● **WHAT IS EXPECTED**
Please transcribe, exactly, the line that contains "Viola mirabilis. Цветущее" and every line after it to the end of the records, and nothing else.

::::::::::

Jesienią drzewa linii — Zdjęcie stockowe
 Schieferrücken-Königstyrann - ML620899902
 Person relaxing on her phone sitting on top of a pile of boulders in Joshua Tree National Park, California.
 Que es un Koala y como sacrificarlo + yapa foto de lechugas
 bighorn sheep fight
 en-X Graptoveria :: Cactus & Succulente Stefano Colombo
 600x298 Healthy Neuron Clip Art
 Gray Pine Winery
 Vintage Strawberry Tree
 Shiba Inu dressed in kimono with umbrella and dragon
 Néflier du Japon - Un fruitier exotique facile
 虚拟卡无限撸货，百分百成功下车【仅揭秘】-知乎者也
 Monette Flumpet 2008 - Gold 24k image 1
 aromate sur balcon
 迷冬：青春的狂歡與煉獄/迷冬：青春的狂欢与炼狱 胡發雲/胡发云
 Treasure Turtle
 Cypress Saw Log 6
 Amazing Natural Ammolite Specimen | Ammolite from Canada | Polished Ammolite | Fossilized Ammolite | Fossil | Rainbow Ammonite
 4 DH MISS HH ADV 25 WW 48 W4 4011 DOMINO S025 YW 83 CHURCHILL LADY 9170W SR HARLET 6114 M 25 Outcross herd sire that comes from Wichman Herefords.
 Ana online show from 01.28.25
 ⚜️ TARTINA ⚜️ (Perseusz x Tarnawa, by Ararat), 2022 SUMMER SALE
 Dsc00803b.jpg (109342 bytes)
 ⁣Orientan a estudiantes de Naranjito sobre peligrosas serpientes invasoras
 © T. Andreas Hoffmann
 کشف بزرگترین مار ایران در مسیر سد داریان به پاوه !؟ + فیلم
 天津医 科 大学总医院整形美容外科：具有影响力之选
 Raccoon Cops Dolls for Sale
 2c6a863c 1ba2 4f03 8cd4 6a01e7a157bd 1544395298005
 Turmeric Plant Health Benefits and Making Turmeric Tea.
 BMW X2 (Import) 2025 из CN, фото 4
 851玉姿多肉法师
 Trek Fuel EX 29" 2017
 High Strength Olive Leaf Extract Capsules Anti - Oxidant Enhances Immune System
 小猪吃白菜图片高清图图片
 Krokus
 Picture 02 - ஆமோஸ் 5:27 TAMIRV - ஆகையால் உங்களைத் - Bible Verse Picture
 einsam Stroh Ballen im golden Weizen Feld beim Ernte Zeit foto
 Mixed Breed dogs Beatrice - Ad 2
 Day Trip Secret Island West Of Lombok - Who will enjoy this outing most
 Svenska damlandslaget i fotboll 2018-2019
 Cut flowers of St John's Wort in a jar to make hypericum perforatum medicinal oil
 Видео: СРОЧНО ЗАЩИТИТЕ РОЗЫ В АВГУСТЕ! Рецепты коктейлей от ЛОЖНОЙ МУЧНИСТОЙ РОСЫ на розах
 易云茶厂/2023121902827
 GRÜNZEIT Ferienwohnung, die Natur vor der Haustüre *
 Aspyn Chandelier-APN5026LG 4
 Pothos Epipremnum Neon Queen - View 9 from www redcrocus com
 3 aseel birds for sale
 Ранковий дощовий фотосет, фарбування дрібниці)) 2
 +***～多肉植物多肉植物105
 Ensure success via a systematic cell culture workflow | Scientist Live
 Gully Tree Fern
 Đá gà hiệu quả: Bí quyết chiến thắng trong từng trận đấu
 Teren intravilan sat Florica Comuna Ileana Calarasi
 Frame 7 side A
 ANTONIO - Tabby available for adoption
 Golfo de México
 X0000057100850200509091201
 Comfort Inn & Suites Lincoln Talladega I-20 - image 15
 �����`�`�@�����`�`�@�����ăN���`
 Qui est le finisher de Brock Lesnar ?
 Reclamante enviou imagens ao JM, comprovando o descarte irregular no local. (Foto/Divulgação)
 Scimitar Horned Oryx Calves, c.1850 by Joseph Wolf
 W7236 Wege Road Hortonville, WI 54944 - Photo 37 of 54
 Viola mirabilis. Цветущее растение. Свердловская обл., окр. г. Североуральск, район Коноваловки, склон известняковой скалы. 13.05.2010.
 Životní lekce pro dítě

::::::::::

● **REPLY**
 Viola mirabilis. Цветущее растение. Свердловская обл., окр. г. Североуральск, район Коноваловки, склон известняковой скалы. 13.05.2010.
 Životní lekce pro dítě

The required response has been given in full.